TDF back to normal...
And i'am back to mah buks...
Gud nite people...


----------



## Vyom (Jan 23, 2012)

ok. Everything is back to normal. 

Anyway.. @Peregrine: Looks like now you can safely go study. No more cookies for now.

Good night buddy.


----------



## Sarath (Jan 23, 2012)

Where is the thread/ list which says which colour to the names denotes what?


----------



## ico (Jan 23, 2012)

back to normal. will resume work next week.

*This is all nothing but a demo.*


----------



## Tenida (Jan 23, 2012)

120 views 32 reply.......


----------



## Sarath (Jan 23, 2012)

Tenida said:


> 120 views 30 reply.......



I saw you were viewing for a long time too but replied only now


----------



## Vyom (Jan 23, 2012)

Sarath said:


> Worked. Thanks. But I would have figured it out eventually by 2013



If you are using Chrome, just type this in address bar "chrome://settings/passwords" and press enter. Voila, you can see any saved password!! 



Sarath said:


> Where is the thread/ list which says which colour to the names denotes what?
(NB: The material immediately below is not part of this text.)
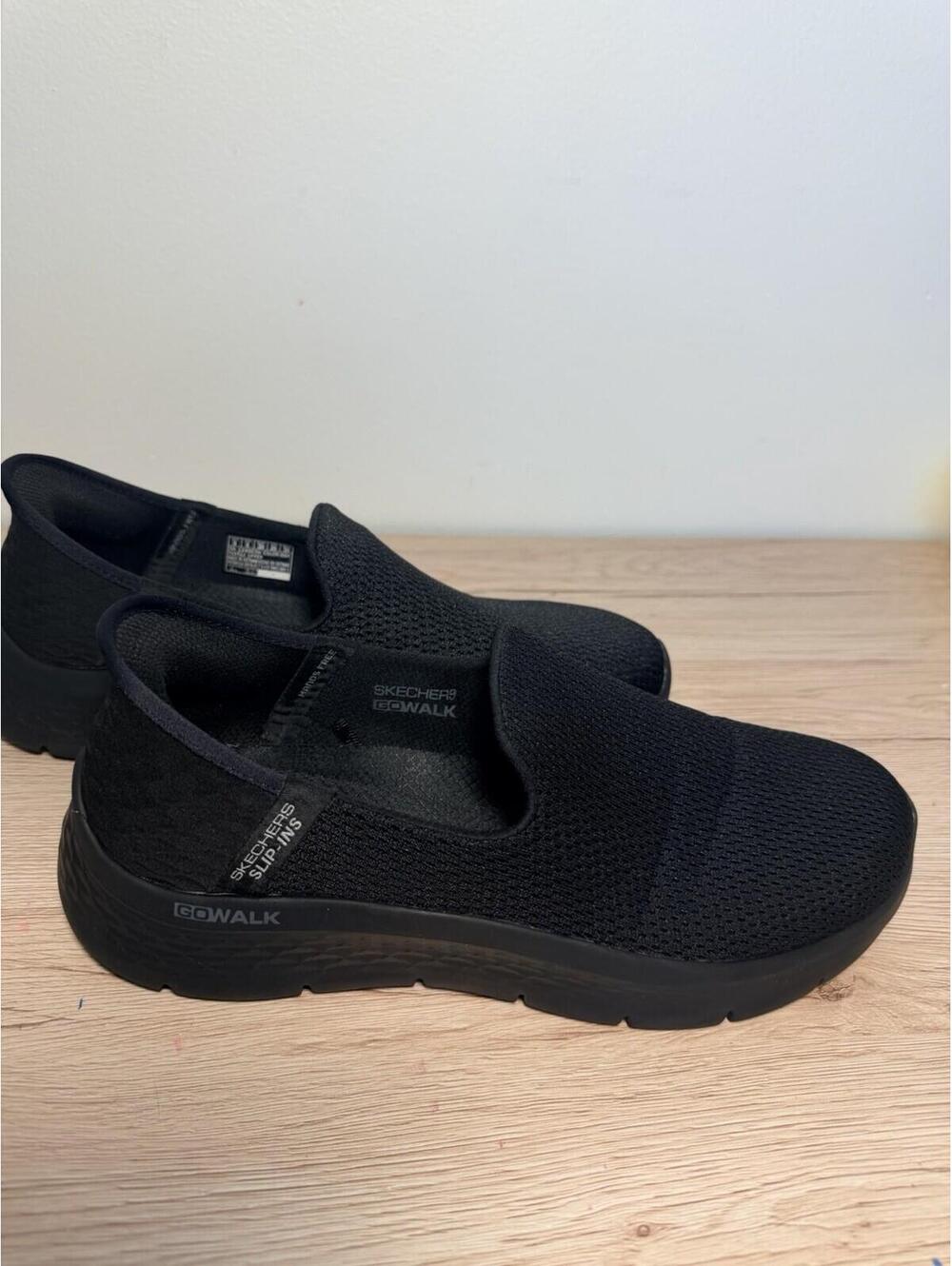 Mens SKECHERS HANDS-FREE SLIP-INS GO WALK FLEX  ATHLETIC SNEAKER SZ 9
Digit Technology Discussion Forum - Show Groups

(View Forum leaders on index page of forum)



ico said:


> back to normal. will resume work next week.



It will be a long week. 
Thanks for taking multiple interests and demands of members in mind. (Don't forget my request: Dark theme)


----------



## Tenida (Jan 23, 2012)

Hehehe....I am busy watching some videos of Sunny oops


----------



## ico (Jan 23, 2012)

screw it. won't sleep till i get done with this. will finish it by morning.


----------



## Tenida (Jan 23, 2012)

^^Great Ico 
Again the new looks


----------



## Alok (Jan 23, 2012)

@ad. facing guys

on mobile there are no ads, neither before nor now.


----------



## ico (Jan 23, 2012)

Note to everyone. I have disabled Quick Style Chooser from the bottom. I don't want guests to be able to switch styles that's why.

Click here: *www.thinkdigit.com/forum/profile.php?do=editoptions and scroll down to choose skins.


----------



## Vyom (Jan 23, 2012)

ico said:


> screw it. won't sleep till i get done with this. will finish it by morning.



THAT's THE SPIRIT!
Everybody: For ico: Hip Hip Hurray.... Hip Hip Hurray..... 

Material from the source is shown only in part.